L’originalité du plan, c’est que la force des Nations Unies serait principalement composée par des soldats de l’Organisation du Traité de Sécurité Collective (OTSC). Le président Bachar el-Assad resterait au pouvoir. Il négocierait rapidement une Charte nationale avec des leaders de l’opposition non-armée sélectionnés avec l’approbation de Moscou et Washington, et ferait valider cette charte par référendum sous contrôle des observateurs.
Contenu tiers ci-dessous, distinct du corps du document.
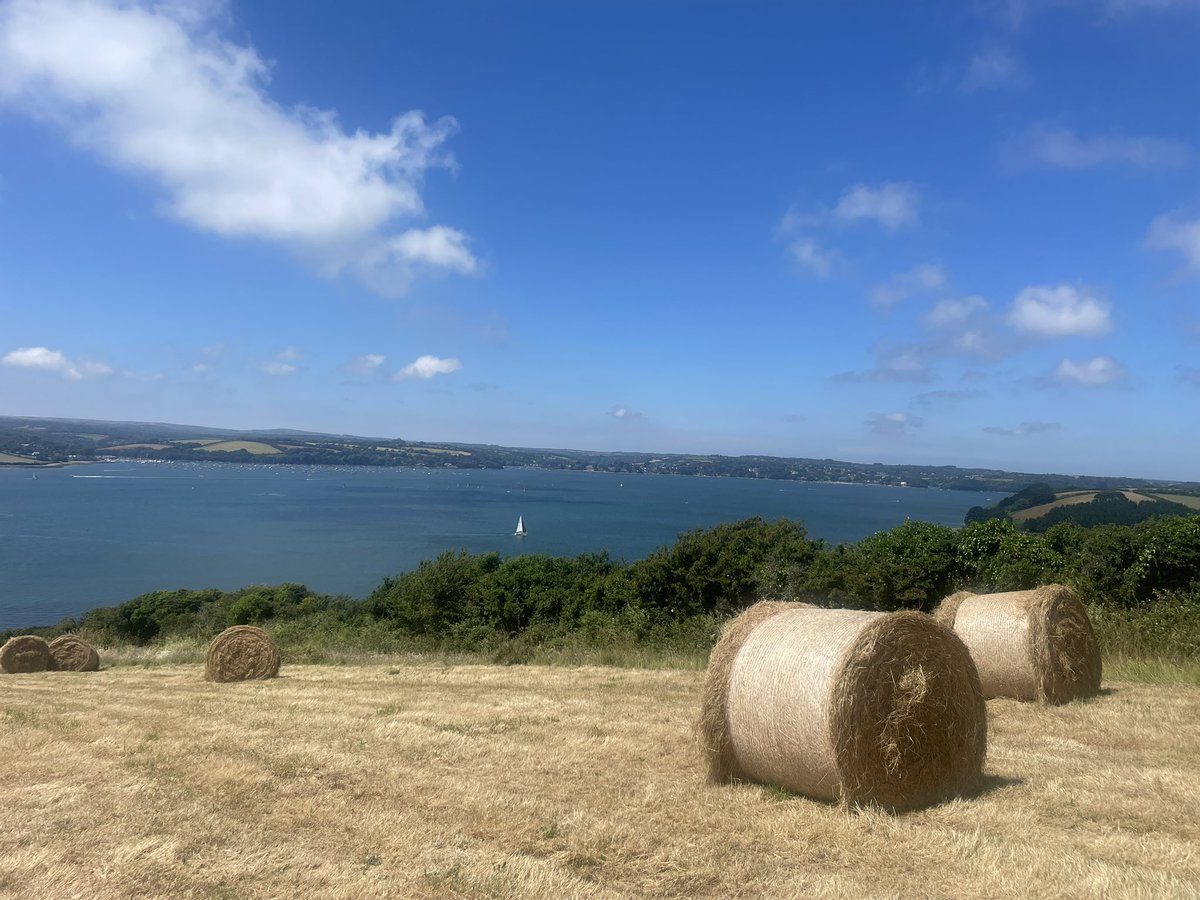 Sitting in a field overlooking the bay Falmouth waiting for air display ..#ArmedForcesDay #redarrows #chinook #typhoon #merlinmk2 #blackcats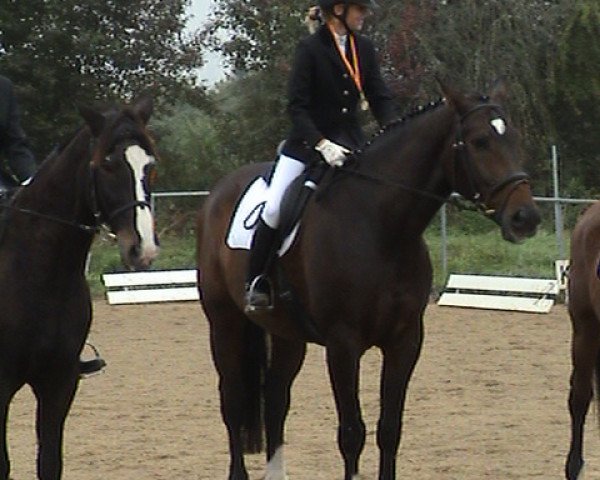 horse Lasal 8 (Württemberger, 1994, from Leicester)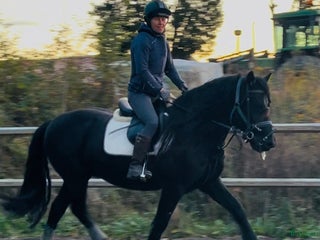 hästar Bildskön kallblodstravare med fina gångarter i Västerås - Annons 2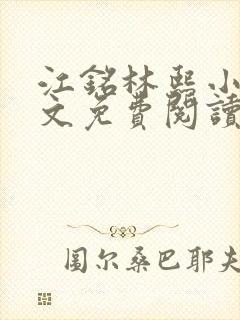 江铭林熙小说全文免费阅读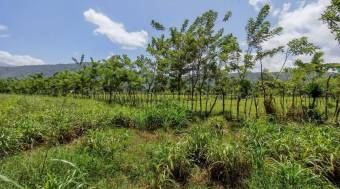 Venta de Terreno de Gran Extensión con Potencial de Desarrollo en Turrialba #27-226 GS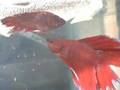 www.bettasplendens.co.uk bettas spawning close up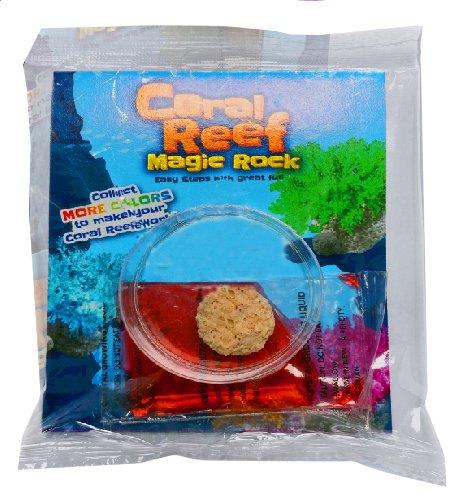 Coral Reef Magic Rock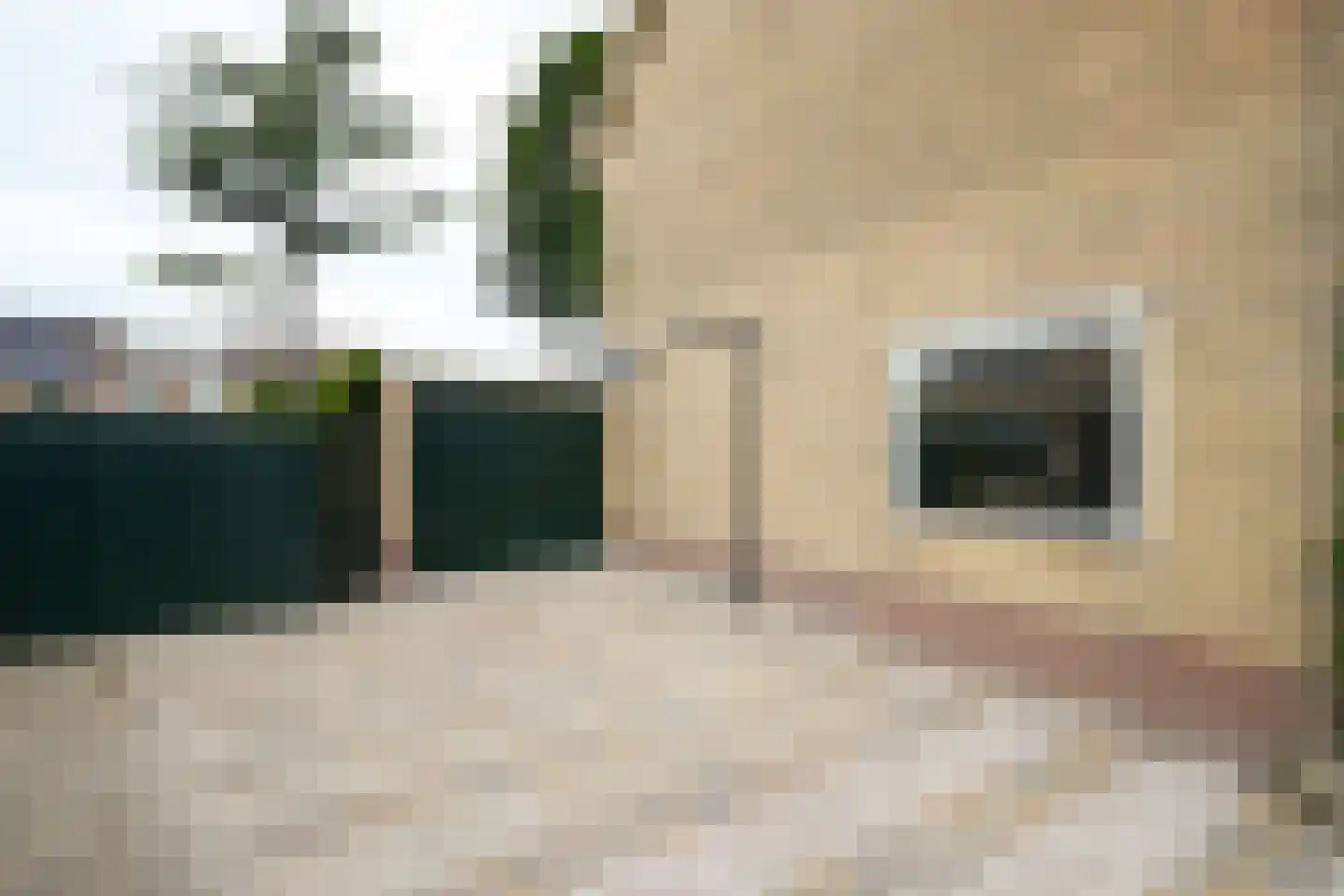 Ariëns 29 Avenhorn thumbnail 8
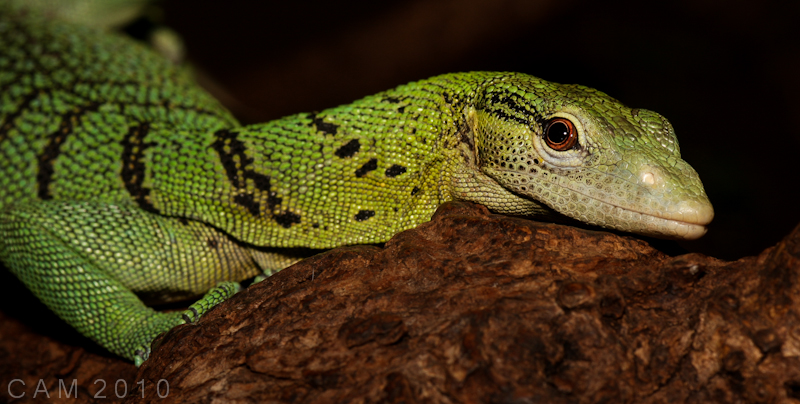 Mischievous Monitor lizard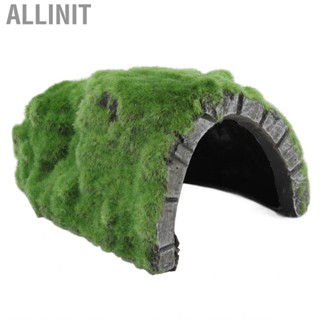 Allinit Reptile Rock Hide Cave Basking Terrace Tortoise Hideout For Lizards HG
Ce coup de théâtre a été préparé de longue date par les généraux Hassan Tourekmani (assassiné le 18 juillet 2012) et Nikolay Bordyuzha. Une position commune des ministres des Affaires étrangères de l’OTSC a été conclue le 28 septembre et un Protocole a été signé entre le département onusien de maintien de la paix et l’OTSC. Celle-ci dispose maintenant des mêmes prérogatives que l’OTAN. Des manœuvres communes ONU/OTSC de simulation ont été organisées au Kazakhstan sous le titre « Fraternité inviolable » (8 au 17 octobre). Enfin, un plan de déploiement de « chapkas bleues » a été discuté au sein du Comité militaire de l’ONU (8 décembre).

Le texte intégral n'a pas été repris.